### [ENTRIES PROVIDED]
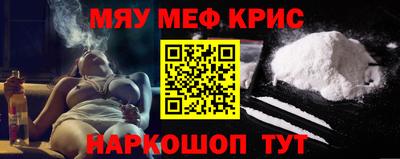 молекула духа Гусиноозёрск
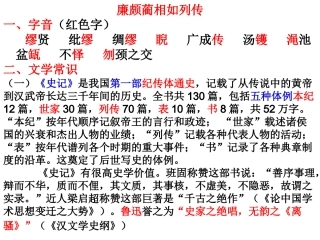 廉颇蔺相如列传 (2)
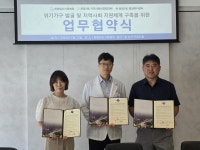 - 부산 북구 덕천2동-청담골추어탕, 취약계층 밑반찬 지원을 위한 업무협약 체결 부산 북구 덕천2동-청담골추어탕, 취약계층 밑반찬 지원을 위한... 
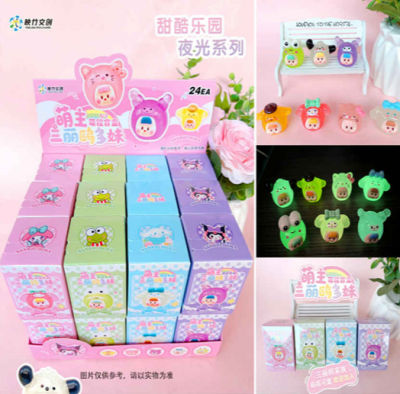 Cute Lord Sanrio Multi Sister Cute Grain Blind Box
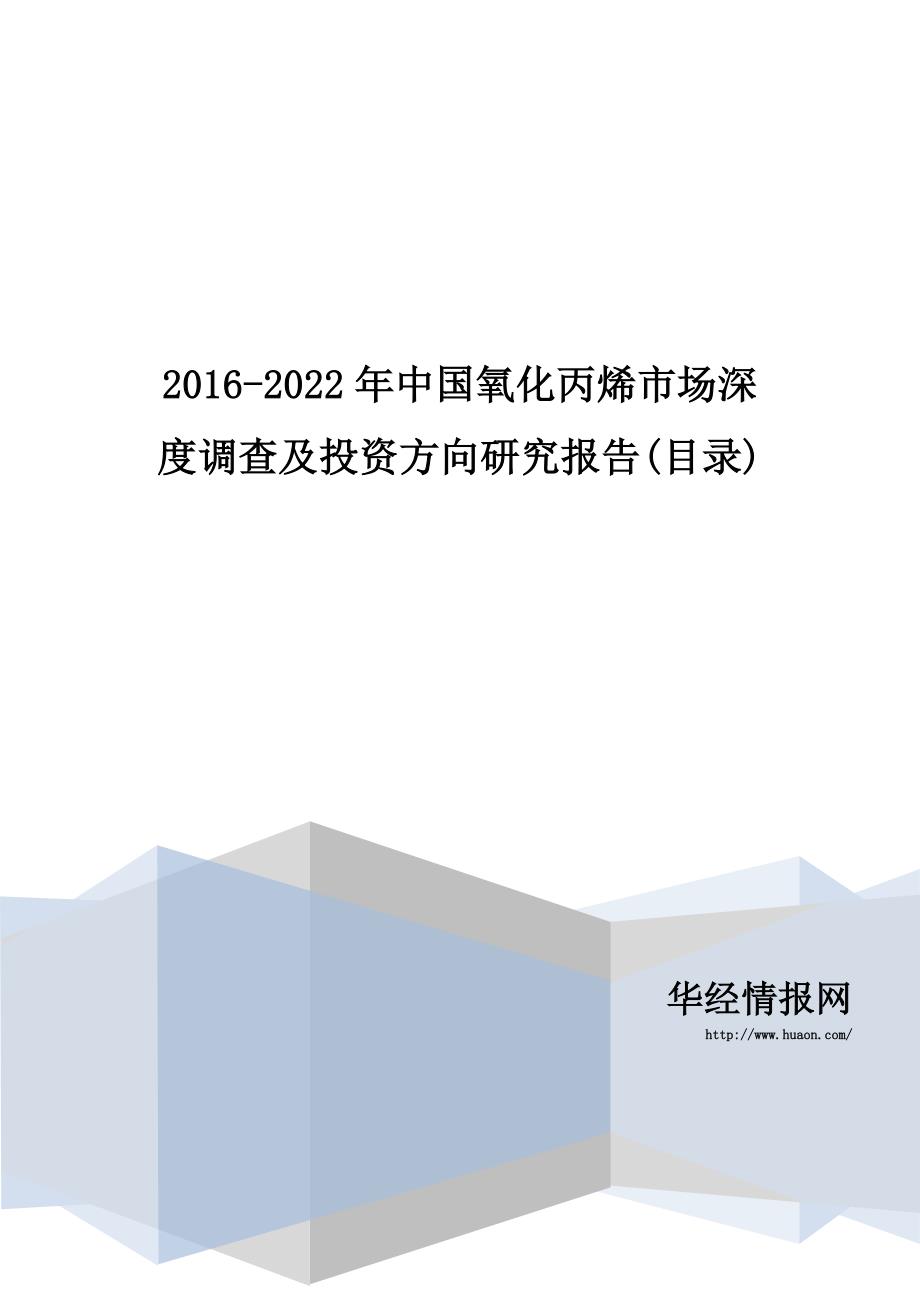 2016-2022年中国氧化丙烯市场深度调查及投资方向研究报告(目录)_第1页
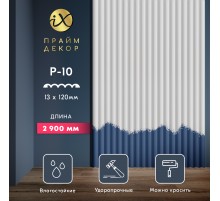 Стеновая панель ПраймДекор iX P10-2900 в Казани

### [REQUIRED WORK]
The lines from the one containing "Cute Lord Sanrio" through the last line above are to be repeated exactly, and only those. Any pictures must be left out.

### [COMPLETED TASK]
 Cute Lord Sanrio Multi Sister Cute Grain Blind Box
 2016-2022年中国氧化丙烯市场深度调查及投资方向研究报告(目录)_第1页
 Стеновая панель ПраймДекор iX P10-2900 в Казани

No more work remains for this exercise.